The family of old has disintegrated: Young people are now heads of households, especially young girls. They must now fend for their parents, starting at very early ages. Their educational hopes and dreams are being stymied by the circumstances of their lives.

The role of the nuclear family as we knew it is to encourage, guide, and to nurture, together our parents and the community created an environment where the best in us could be realized and where we could develop as responsible citizens, prepared to play our part and to give our share. That is hardly the case today.

How can they grow up into whole parents who would take their children to school, attend and participate in PTA meetings, show good examples and teach their kids at home?

The St. Patrick’s we knew is being rebuilt. The Convent we knew is still in existence but the family today is different in character than the family we knew then.
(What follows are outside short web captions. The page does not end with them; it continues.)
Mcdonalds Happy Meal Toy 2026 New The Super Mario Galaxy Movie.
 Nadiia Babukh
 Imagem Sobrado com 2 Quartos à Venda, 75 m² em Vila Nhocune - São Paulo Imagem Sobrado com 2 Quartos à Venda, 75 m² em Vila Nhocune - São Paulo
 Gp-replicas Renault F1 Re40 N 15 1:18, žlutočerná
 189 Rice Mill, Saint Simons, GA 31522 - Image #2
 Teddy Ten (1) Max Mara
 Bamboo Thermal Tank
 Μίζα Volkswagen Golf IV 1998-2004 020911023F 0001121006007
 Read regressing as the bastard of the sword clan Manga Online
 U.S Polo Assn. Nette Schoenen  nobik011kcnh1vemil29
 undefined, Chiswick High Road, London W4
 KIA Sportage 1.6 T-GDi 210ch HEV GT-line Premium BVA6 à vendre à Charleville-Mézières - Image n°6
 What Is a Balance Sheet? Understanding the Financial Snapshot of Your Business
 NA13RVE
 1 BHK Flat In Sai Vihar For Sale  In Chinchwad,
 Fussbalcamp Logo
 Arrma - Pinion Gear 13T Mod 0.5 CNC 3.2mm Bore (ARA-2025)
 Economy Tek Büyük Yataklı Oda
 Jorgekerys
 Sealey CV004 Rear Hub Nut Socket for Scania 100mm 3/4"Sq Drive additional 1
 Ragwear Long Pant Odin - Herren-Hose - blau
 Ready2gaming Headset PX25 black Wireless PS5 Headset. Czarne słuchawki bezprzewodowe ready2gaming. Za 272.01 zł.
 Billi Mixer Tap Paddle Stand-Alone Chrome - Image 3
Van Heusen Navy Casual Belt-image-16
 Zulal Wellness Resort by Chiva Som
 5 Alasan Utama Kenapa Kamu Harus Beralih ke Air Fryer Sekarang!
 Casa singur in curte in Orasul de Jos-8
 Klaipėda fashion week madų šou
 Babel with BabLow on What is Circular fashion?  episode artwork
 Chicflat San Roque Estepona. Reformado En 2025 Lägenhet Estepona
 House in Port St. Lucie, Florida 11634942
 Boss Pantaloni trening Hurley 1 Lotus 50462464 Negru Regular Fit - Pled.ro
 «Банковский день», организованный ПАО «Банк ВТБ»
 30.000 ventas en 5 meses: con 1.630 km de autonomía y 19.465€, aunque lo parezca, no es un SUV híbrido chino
Our new school must increase possibilities for strategic education that will enable our youth to imbibe values of self-respect and respect for others, sacrifice rather than exploitation and the vain accumulation of wealth, conviction and passion entrenched in values of integrity and the desire for merit rather than patronage, love for country and a strong sense of patriotism. We must teach basic skills that prepare them for community work and development.

I, therefore, recommend community-based programs that consider skills building in addition to the usual formal education. Programs in psychological counseling must be integral imperatives within our new education pedagogy.

The new education paradigm must emphasize and insist on the involvement of parents in the education of children. We can lead in this arena, just as our founders did.

We, as Saints, must begin to think of ways and areas in which we can apply our expertise through volunteerism. The early religious were professionals who sacrificed to provide us with the education and formation necessary to enable us to compete globally. We can do the same and get little in our pockets. There are many of us who can and must participate in a voluntary teaching Program. The Alumni can launch such a program.

The State: In rebuilding St. Patrick’s and promoting excellence in education, the rebuilding of our nation-state is critical. Politics is an important aspect of how we succeed. Many of us think that we should shy away because politics and its outcome in many cases have scared us. We cannot succumb to the dictatorship of the ignorant and incompetent. The purpose of our education is not only for self-enrichment and fulfillment but to help others. We cannot survive as an island in a sea of trouble and instability.

Investment in education has diminished. Religious and faith-based institutions that were the backbones of our nation have now suffered challenges since the war and have never recovered.

Investment in Education and Health have been diminished in favor of security and unsavory investments.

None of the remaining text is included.